The EU27 have stopped importing their oil and have managed to ensure that the gas they buy from Russia now represents 9%, compared to 40% a year ago, which they supply with greater diversification of suppliers, mainly the United States, but also Norway or Qatar.

“The first and most obvious thing that has changed” with the war “is energy diversification,” Rosa Balfour, director of the Carnegie Europe think tank, told GLM, for whom “it will be difficult to return to the status quo”.

And so far, “the EU has proven to be more resilient to the energy ‘shock’ than we thought,” Bruegel researcher Georg Zachmann also told GLM.

Indeed, the European Commission has just raised the growth forecasts for the euro zone and the EU, to 0.9% and 0.8% respectively, and lowered inflation to 5.6%.

taboos

Another of the changes caused by the conflict is that the EU, for the first time, finances the shipment of arms to support a third country under attack, breaking a taboo in an organization born after the Second World War with the aim of guaranteeing peace between European countries.

“It’s a taboo that has been broken and now I’m starting to think it could be a way for the EU to engage with global security issues in the future,” Balfour said.

However, the war has once again reaffirmed NATO as the true guarantor of Europe’s security, burying statements by French President Emmanuel Macron in 2019, when he declared that the Atlantic Alliance was “dead cerebral”.

Russia’s invasion of Ukraine put ‘the reality’ on the table, Balfour continues, that in terms of security and defense Europeans depend on the United States, which now ‘is less relevant’ autonomy strategy that the EU wanted to reinforce, first with the coming to power of former US President Donald Trump, then with the pandemic.

An idea shared by Zach Paikin, a researcher at the Center for European Policy Studies, for whom “the most immediate dynamic” that has been generated by the war is that “the EU is not stronger, because it is more aligned with the United States to ensure your own safety.”

SAFETY IN EUROPE

Paikin considers that the fact that all EU countries have assumed the threat posed by Moscow “does not mean that we have the same overall vision of what the security and defense policy of the European Union should be” and , therefore, of the manner in which the war must end .

“There is an agreement within the EU that the war will end when Ukraine decides that the time has come, that Ukraine’s future borders should not be decided in Paris, Berlin, Warsaw or Washington. They will have to be decided in Kiev,” he added. said Balfour.

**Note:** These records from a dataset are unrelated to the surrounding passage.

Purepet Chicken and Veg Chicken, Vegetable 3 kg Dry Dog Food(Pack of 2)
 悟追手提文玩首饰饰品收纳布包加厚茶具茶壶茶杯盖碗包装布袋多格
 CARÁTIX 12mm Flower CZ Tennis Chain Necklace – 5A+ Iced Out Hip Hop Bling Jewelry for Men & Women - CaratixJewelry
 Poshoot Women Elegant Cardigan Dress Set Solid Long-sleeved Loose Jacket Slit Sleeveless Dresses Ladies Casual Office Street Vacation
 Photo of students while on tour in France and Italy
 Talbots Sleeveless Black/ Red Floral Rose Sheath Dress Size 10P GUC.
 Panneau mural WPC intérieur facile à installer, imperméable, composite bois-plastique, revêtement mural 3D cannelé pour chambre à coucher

But he believes that “if Ukraine’s military victory is not so obvious, which is a possibility given that an offensive (from Moscow) is expected and Russia has resources, some countries in Europe might start arguing that there has to be some sort of solution.” commitment to the territorial integrity of Ukraine”.

For now, the EU and Western countries have pledged to provide military aid to Kiev and Brussels has already granted Ukraine the status of a candidate country, showing not only its support, but also the fight with Russia. to gain influence in the region, as well as in the Western Balkans, whose accession process has also increased the Twenty-seven.

Enlargement is “another big potential change” that the war could bring to the EU, since it will force it to carry out “big reforms”, not only in internal decision-making, with a hypothetical elimination of the unanimity, but, for example, of the common agricultural policy since “Ukraine is a large agrarian sector”.